Divisions of Neuropsychology and Neuro-oncology, University of Alabama at Birmingham, Birmingham, AL 35294-0017, USA.
J Clin Oncol. 2010 Aug 20;28(24):3844-50. doi: 10.1200/JCO.2009.27.9091. Epub 2010 Jul 19.
To investigate research consent capacity (RCC) in patients with malignant gliomas (MGs) and identify cognitive abilities and clinical factors associated with RCC in MG.

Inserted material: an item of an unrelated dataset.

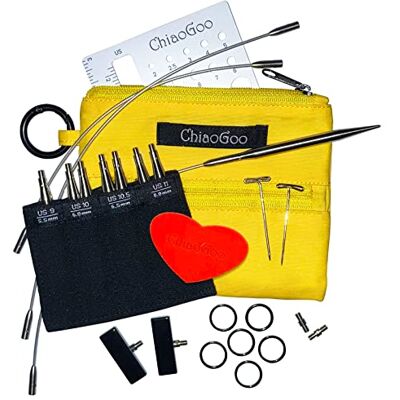 ChiaoGoo TWIST Large Shorties conjunto 8 cm 5,50-8,00 mm 1 unidade ChiaoGoo TWIST Large Shorties conjunto 8 cm 5,50-8,00 mm 1 unidade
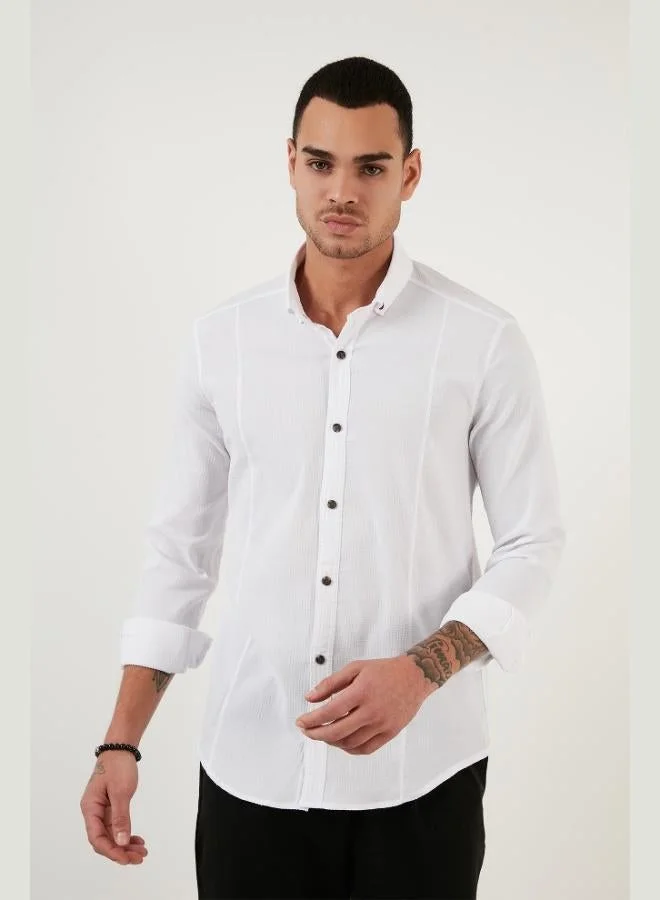 Buratti Buratti Button-down Collar Cotton Shirt Men's SHIRT CF21S113008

Participants were 22 healthy controls and 26 patients with diagnosed and histologically verified MG. All patients with MG were receiving various combinations of treatment (surgery, radiation, chemotherapy, medication). Both groups were administered a neurocognitive test battery and a standardized RCC measure (Capacity to Consent to Research Instrument [CCRI]). Capacity performance was evaluated across four core consent abilities (choice, appreciation, reasoning, understanding), and categorical capacity impairment ratings (no impairment, mild/moderate impairment, severe impairment) were also identified for individual patients with MG. Stepwise regression analyses identified cognitive predictors of CCRI performance in the MG group.
The MG patient group performed significantly below the control group on the three clinically relevant consent standards (appreciation, reasoning, and understanding). Patients with MG performed equivalently to controls in evidencing a simple research participation choice. Approximately one third of patients with MG showed compromised impairment ratings (mild/moderate impairment or severe impairment) on the three consent abilities. Cognitive measures of phonemic and semantic word fluency predicted performance on the consent standards. Steroid treatment and anticonvulsant use were related to poorer CCRI performance.
A substantial portion of patients with MG after diagnosis show impairments in research consent capacity. Word fluency measures reflecting expressive language and executive function abilities are strongly associated with these consent impairments. This study highlights the importance of careful attention to consent issues when enrolling patients with MG in clinical trials and other research studies.
调查恶性胶质瘤(MG)患者的研究同意能力(RCC),并确定与 MG 患者 RCC 相关的认知能力和临床因素。
参与者包括 22 名健康对照者和 26 名确诊并经组织学证实的 MG 患者。所有 MG 患者均接受了各种治疗(手术、放疗、化疗、药物治疗)的联合治疗。两组均接受了神经认知测试和标准化 RCC 测量(同意研究能力量表[CCRI])。能力表现评估了四个核心同意能力(选择、欣赏、推理、理解),并对每位 MG 患者进行了分类能力损伤评级(无损伤、轻度/中度损伤、重度损伤)。逐步回归分析确定了 MG 组 CCRI 表现的认知预测因子。
MG 患者组在三个临床相关同意标准(欣赏、推理和理解)上的表现明显低于对照组。MG 患者在表现出简单的研究参与选择时与对照组表现相当。大约三分之一的 MG 患者在三个同意能力上表现出受损的损伤评级(轻度/中度损伤或重度损伤)。语言流畅性认知测试(语音和语义词汇流畅性)预测了同意标准的表现。类固醇治疗和抗惊厥药的使用与较差的 CCRI 表现相关。
MG 患者在确诊后,相当一部分患者表现出研究同意能力受损。反映表达性语言和执行功能能力的词汇流畅性测试与这些同意受损密切相关。本研究强调了在招募 MG 患者参加临床试验和其他研究研究时,应仔细关注同意问题的重要性。